WBPZ-TV

Lock Haven, Pennsylvania; United States;
- Channels: Analog: 32 (UHF);

Programming
- Affiliations: ABC NBC (secondary)

Ownership
- Owner: Lock Haven Broadcasting Corporation
- Sister stations: WBPZ

History
- First air date: March 1958
- Last air date: September 4, 1959

Technical information
- ERP: 18.2 kW
- HAAT: 300 ft (91 m)

= WBPZ-TV =

Television station in Lock Haven, Pennsylvania (1958–1959)

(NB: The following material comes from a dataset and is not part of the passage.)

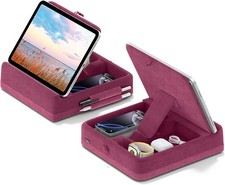 Tablet Pillow Stand with Storage, Foldable iPad Holder for Bed, Lap and Desk,...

WBPZ-TV (channel 32) was a television station in Lock Haven, Pennsylvania, United States. The station was owned by the Lock Haven Broadcasting Corporation.

==History==
WBPZ-TV began broadcasting in March 1958, from its transmitter atop Sugar Lusk Mountain. Channel 32's establishment made Lock Haven the smallest city in the United States with its own television outlet—and WBPZ-TV the smallest station in the United States. The station would operate as an ABC affiliate, with some NBC programs, by rebroadcasting the output of Wilkes-Barre television station WILK-TV (channel 34). The radio station added five employees in anticipation of the new television operation. Soon after launching, WBPZ-TV appeared on cable systems from State College to Williamsport.

WBPZ-TV ceased operating on September 4, 1959, citing financial pressures; the radio station continued operating. The next year, the Lock Haven Broadcasting Corporation reached an agreement to sell channel 32 to Scranton Broadcasters, owners of WDAU-TV (channel 22) in Scranton; under the proposal, which never became reality, Scranton Broadcasters would have leased the equipment for three years with an option to buy, and channel 32 would have repeated channel 22 for Williamsport, Lock Haven and State College. An agreement was reached to donate equipment used by the television station to Lock Haven State College in 1962; the college lacked interest in operating a broadcast facility, and a second offer was made to the local school board in 1965. The Federal Communications Commission (FCC) canceled WBPZ-TV's license in 1965 as part of a purge of unbuilt or non-operational UHF television stations.